Chiaramente, in via preliminare, sappiamo che i contributi INPS costituiscono un fondo pensionistico di cui, prima o poi, inizieremo a fruire, quindi pagarli rientra in un nostro preciso interesse. Tuttavia, può accadere che per una difficoltà economica momentanea o per dimenticanza, non si provveda al pagamento di talune rate. Quindi, a questo punto, ci si chiede: “cosa succede se non si pagano i contributi INPS?. Generalmente, l’INPS è un istituto molto attento alla riscossione dei contributi, quindi, un mancato pagamento viene fatto presente nel giro di massimo due anni. In quell’occasione, l’istituto, imporrà oltre al pagamento della somma dovuta, anche sanzioni pecuniarie. Sicchè, in caso di mancato pagamento, l’ente invierà un avviso di pagamento, comprendente l’importo non versato, le sanzioni e gli interessi. Questi ultimi, rappresentano la parte inferiore del debito, in quanto in due anni si tratterà di una somma esigua.

Più che altro, ciò che pesa è la sanzione, che dipende dall’importo del mancato pagamento. Dopo l’avviso, se il contribuente non provvede al pagamento del dovuto, verrà notificata una cartella esattoriale. Si ricordi, tuttavia, che tali pretese creditorie si prescrivono in 5 anni, quindi se l’ente rimane inerte per tutto il periodo indicato, potremo opporre l’avvvenuta prescrizione. Ciò, salvo che nel periodo intermedio, non intervengano altre notifiche, che fanno azzerare il termine indicato.

Cosa fare in caso di mancato pagamento per mettersi in regola. Richiesta di dilazione

Se, dopo l’avviso di pagamento, prima che venga notificata la cartella esattoriale, si ci vuole mettere in regola con i pagamenti, conviene chiedere una dilazione. Infatti, in caso di difficoltà economiche, L’INPS concederà una dilazione a mezzo di rate. Sicchè, i contributi arretrati potranno essere versati in 20 rate per importi superiori ai 5.000 euro e di 6 rate trimestrali per importi inferiori ai 5.000 euro. In caso di dilazione, tuttavia, saranno dovuti ulteriori interessi.

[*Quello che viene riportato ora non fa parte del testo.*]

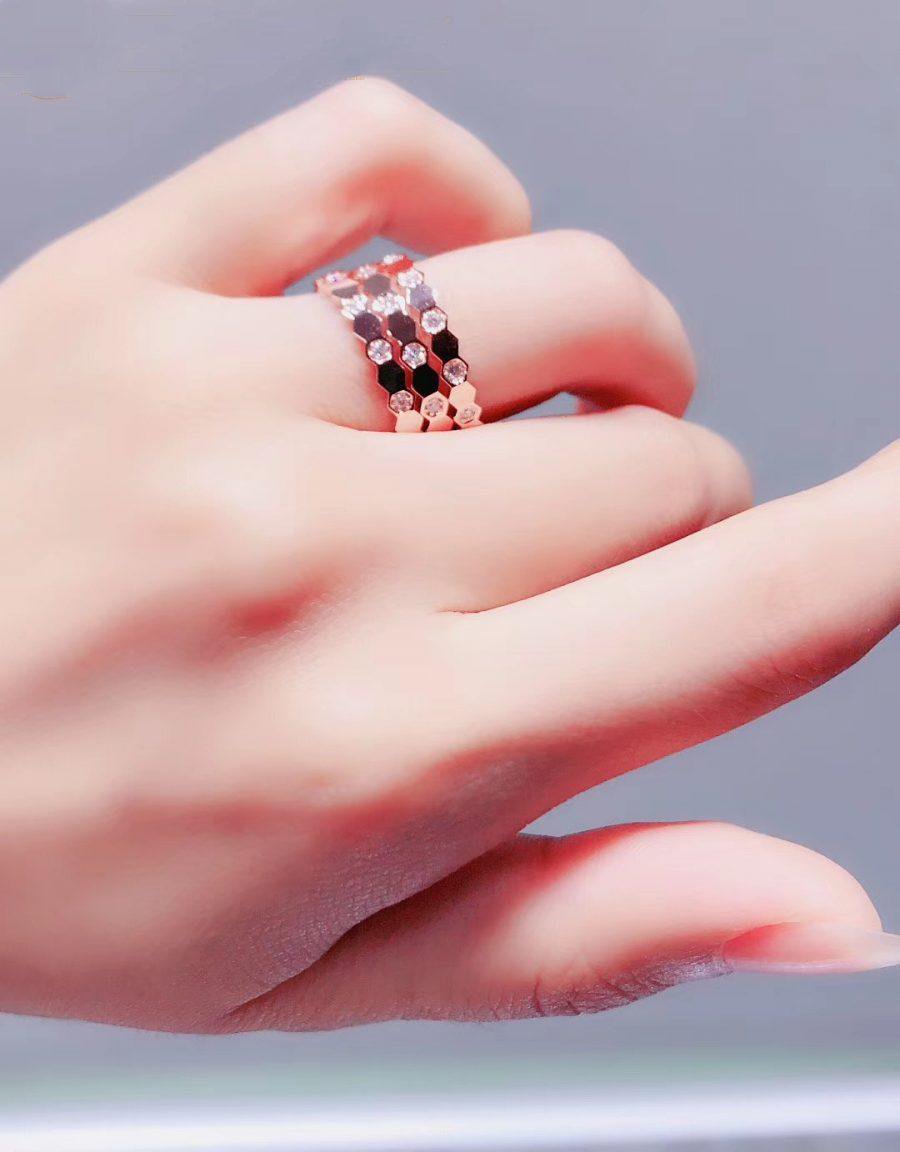 [moco jewelrys]BEE LOVE RING PINK GOLD DIAMOND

Seconda possibilità: ravvedimento operoso

Se si vuole sanare la propria posizione, si può anche ricorrere all’istituto del ravvedimento operoso. In cosa consiste? Ebbene, si tratta di comunicare all’INPS la propria dimenticanza e procedere alla sanatoria della posizione debitoria. In tal caso, però, bisognerà accollarsi il costo di una sanzione, calcolata in base al numero di giorni di ritardo e all’importo del mancato pagamento. Le sanzioni, sono calcolate nel modo che segue:

1) se i contributi non versati vengono corrisposti entro 14 giorni dal ritardo pagamento, ammonterà allo 0,1% dell’importo;

2) Invece, ammonterà allo 1,5%, in caso di pagamento con il ritardo di un mese;

3) dopo un mese ma entro i 90 giorni, le sanzioni dovute verranno calcolate al 1,6%;

4) se, poi, il mancato pagamento riguarda contributi più datati, ove il ritardo sia andato oltre i 90 giorni ma entro un anno, la sanzione sarà del 3,75%.

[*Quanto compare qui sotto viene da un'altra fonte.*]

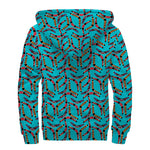Australian Aboriginal Boomerang Print Sherpa Lined Zip Up Hoodie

5) se il ravvedimento è intervenuto entro 2 anni dalla scadenza, la sanzione ammonterà al 4,2%. Infine, decorsi anche i 2 anni, la sanzione sarà pari al 5% dell’importo dovuto. Si è visto, in conclusione, cosa succede se non si pagano i contributi INPS: le sanzioni sono gravose, mentre il tasso di interessi praticato, attualmente, è pari allo 0,2%.

Terza chance: sanatorie e condoni

Se nelle more della procedura di recupero, il contribuente ha la fortuna che il Governo introduca condoni o sanatorie, si aprirà per lui una seconda strada. In tal caso, il condono non cancellerà il debito ma soltanto le sanzioni oppure, talvolta, offrirà semplicemente un pagamento in misura ridotta. In definitiva, il tutto varia in base al tipo di condono previdenziale introdotto.